Short web captions

◆ ◆ ◆ ◆

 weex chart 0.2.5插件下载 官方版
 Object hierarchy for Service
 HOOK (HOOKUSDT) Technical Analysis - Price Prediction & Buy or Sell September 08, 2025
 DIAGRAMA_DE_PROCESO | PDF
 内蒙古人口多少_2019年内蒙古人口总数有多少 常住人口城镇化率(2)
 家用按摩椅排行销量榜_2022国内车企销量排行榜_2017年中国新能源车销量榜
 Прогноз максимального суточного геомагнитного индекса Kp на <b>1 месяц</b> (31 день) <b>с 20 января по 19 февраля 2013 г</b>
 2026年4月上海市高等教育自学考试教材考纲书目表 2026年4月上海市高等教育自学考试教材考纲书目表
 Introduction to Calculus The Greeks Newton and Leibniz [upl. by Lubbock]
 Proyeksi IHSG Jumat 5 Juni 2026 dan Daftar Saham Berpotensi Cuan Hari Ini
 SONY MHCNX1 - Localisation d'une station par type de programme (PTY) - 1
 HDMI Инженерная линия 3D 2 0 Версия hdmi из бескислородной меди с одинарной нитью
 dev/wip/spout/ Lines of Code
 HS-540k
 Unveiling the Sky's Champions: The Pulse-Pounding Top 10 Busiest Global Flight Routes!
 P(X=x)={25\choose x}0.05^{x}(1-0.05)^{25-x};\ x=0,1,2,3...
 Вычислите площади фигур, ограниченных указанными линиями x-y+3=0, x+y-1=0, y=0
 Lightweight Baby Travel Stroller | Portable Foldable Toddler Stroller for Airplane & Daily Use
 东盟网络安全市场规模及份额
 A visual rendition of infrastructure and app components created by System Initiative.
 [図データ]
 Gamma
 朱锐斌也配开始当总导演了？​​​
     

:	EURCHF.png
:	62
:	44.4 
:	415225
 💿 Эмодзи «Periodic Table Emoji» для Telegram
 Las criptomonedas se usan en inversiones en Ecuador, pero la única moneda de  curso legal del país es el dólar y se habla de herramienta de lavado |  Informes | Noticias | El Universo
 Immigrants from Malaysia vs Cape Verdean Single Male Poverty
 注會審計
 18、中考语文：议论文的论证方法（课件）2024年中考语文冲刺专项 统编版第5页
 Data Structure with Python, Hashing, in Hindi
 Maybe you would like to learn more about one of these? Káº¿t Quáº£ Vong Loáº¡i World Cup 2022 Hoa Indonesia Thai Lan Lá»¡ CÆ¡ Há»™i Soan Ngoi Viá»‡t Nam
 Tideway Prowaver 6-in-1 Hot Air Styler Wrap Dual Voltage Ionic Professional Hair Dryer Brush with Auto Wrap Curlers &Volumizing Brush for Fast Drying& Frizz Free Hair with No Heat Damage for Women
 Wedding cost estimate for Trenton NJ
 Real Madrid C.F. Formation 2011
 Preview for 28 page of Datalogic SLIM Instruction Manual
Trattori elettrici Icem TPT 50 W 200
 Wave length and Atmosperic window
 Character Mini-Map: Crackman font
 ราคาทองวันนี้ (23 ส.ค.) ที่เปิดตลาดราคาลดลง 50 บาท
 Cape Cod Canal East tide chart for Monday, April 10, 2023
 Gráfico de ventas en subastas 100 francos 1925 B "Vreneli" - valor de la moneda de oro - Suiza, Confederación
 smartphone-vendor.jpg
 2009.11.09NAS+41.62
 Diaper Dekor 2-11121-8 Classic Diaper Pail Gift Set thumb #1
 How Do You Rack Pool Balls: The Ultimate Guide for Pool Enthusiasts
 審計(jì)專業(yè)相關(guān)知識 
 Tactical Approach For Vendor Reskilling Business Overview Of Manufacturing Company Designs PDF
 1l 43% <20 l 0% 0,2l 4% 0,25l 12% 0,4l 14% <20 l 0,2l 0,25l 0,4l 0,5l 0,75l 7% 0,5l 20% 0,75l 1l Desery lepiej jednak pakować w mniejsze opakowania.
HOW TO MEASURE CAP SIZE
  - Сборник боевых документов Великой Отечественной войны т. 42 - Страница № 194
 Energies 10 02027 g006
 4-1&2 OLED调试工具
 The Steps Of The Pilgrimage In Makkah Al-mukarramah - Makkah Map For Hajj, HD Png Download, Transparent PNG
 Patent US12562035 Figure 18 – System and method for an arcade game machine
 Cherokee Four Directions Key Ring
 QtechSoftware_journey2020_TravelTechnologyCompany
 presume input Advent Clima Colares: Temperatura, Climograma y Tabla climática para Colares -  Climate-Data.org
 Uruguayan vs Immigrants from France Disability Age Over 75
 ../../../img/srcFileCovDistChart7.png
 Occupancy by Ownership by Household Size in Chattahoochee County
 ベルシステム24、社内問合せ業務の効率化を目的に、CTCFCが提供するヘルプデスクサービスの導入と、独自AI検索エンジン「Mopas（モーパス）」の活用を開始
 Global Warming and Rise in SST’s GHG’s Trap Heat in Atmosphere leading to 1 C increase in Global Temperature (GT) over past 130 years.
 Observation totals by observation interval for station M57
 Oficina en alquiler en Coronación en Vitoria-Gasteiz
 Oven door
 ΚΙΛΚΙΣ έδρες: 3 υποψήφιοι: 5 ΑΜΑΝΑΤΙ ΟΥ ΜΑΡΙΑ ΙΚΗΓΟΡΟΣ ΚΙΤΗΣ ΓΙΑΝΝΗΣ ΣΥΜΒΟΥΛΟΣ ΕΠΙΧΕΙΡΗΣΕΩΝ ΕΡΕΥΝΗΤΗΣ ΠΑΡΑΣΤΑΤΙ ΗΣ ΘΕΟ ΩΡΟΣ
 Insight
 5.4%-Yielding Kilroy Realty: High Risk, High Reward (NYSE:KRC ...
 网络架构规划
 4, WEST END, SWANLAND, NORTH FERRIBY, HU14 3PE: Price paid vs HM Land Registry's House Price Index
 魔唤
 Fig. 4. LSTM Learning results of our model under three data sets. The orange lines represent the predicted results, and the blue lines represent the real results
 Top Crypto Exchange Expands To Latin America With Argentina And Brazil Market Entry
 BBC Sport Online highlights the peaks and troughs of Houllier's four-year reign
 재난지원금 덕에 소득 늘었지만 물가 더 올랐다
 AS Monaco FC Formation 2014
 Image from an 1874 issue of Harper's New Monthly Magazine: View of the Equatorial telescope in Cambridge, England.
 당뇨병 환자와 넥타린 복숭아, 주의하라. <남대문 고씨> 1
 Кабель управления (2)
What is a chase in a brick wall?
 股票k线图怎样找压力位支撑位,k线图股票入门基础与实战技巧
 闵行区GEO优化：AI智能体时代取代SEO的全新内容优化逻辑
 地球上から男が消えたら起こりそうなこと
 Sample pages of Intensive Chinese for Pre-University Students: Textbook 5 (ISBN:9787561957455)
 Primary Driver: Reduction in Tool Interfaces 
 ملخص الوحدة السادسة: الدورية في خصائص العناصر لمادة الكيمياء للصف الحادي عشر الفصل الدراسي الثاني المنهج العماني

◆ ◆ ◆ ◆

### To do
Could you please retype the lines from the start of the data through the line with "家用按摩椅排行销量榜_2022国内车企销量排行榜_2017年中国新能源车销量榜", both included, and nothing else?

### Response below
 weex chart 0.2.5插件下载 官方版
 Object hierarchy for Service
 HOOK (HOOKUSDT) Technical Analysis - Price Prediction & Buy or Sell September 08, 2025
 DIAGRAMA_DE_PROCESO | PDF
 内蒙古人口多少_2019年内蒙古人口总数有多少 常住人口城镇化率(2)
 家用按摩椅排行销量榜_2022国内车企销量排行榜_2017年中国新能源车销量榜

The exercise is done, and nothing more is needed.